What you are asked to do: Without any pictures, print the lines below from the one that has "image for item" through the one that has "Recambio de volante", exactly and nothing else.

Record set:
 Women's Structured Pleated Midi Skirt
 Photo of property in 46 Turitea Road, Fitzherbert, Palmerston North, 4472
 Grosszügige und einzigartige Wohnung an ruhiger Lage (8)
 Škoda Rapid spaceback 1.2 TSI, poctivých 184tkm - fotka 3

--

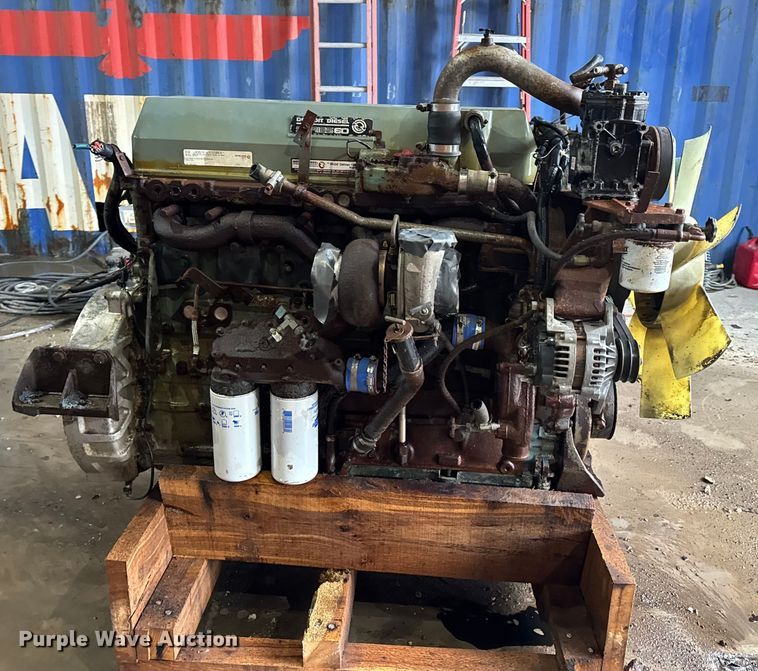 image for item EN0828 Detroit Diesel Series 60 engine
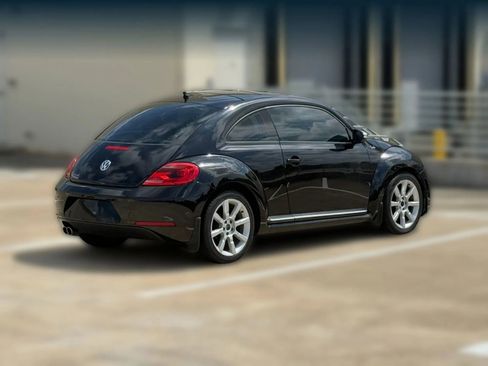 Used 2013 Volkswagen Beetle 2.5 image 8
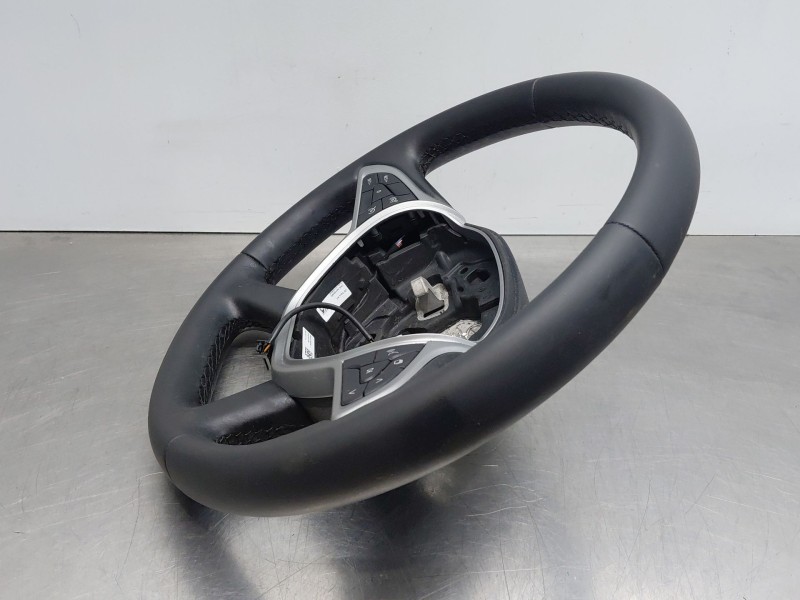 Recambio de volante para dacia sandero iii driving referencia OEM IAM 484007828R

--

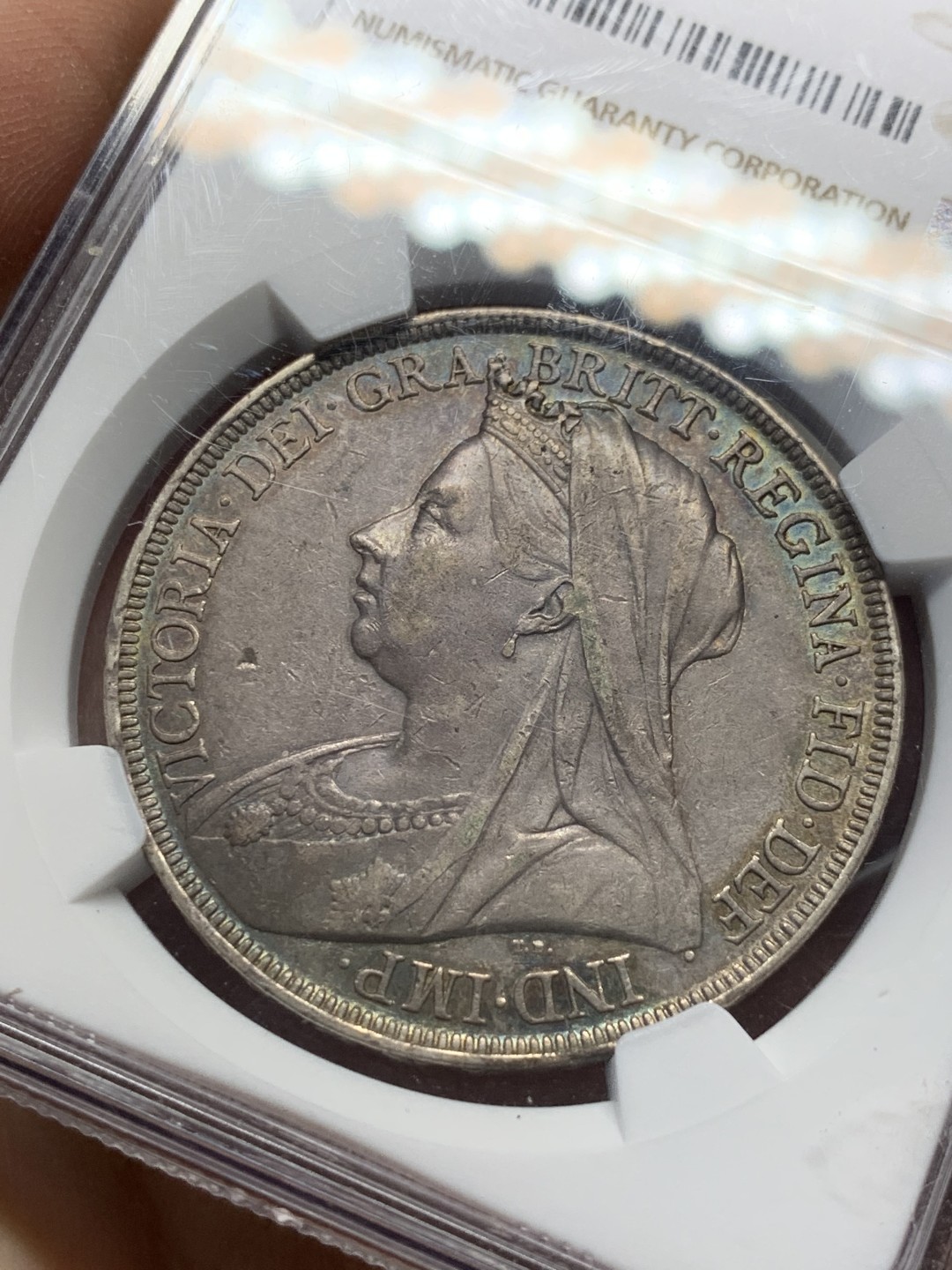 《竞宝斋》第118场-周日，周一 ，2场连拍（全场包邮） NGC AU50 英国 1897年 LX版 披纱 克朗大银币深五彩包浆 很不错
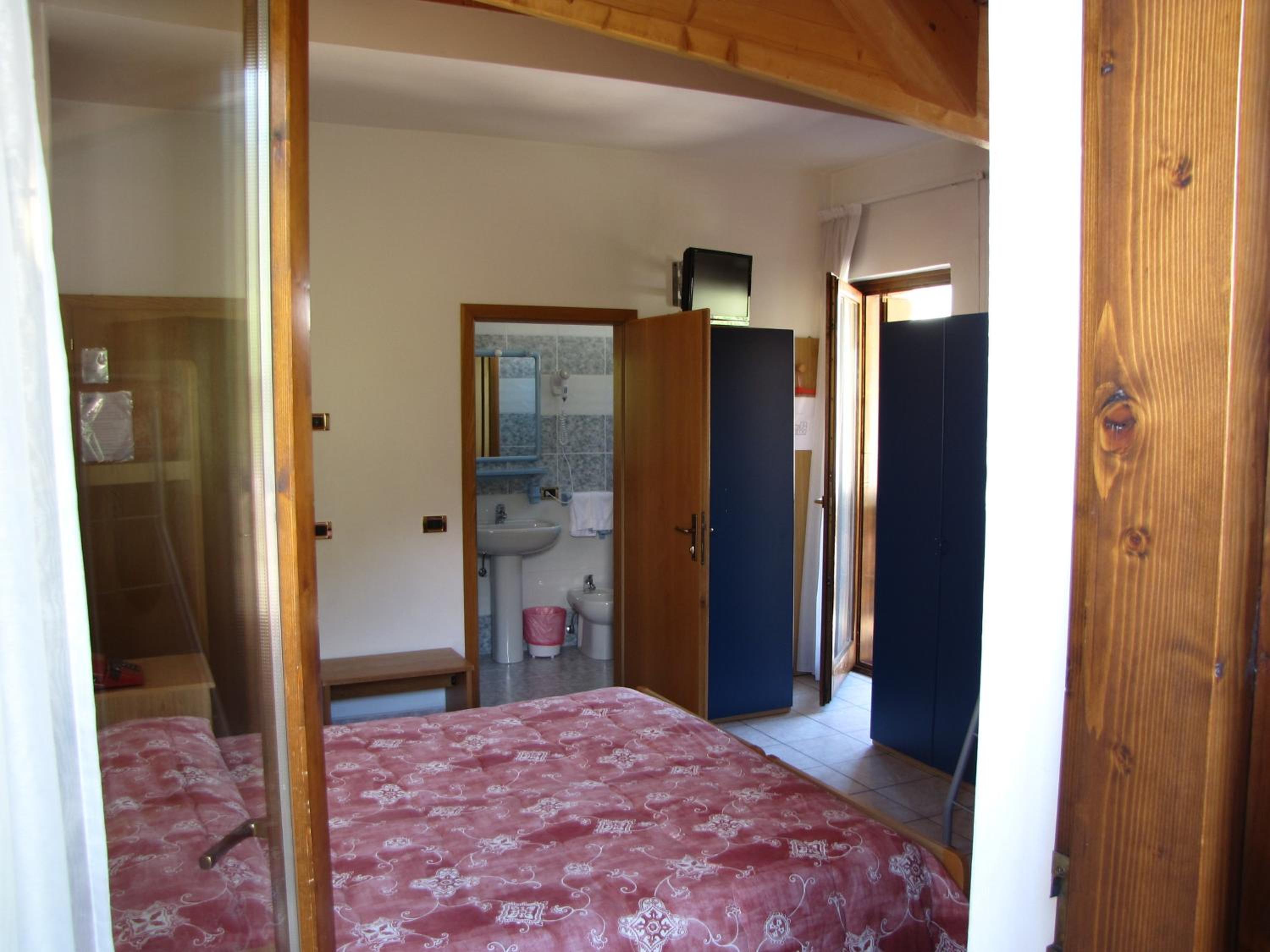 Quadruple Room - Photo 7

Completed task:
 image for item EN0828 Detroit Diesel Series 60 engine
 Used 2013 Volkswagen Beetle 2.5 image 8
 Recambio de volante para dacia sandero iii driving referencia OEM IAM 484007828R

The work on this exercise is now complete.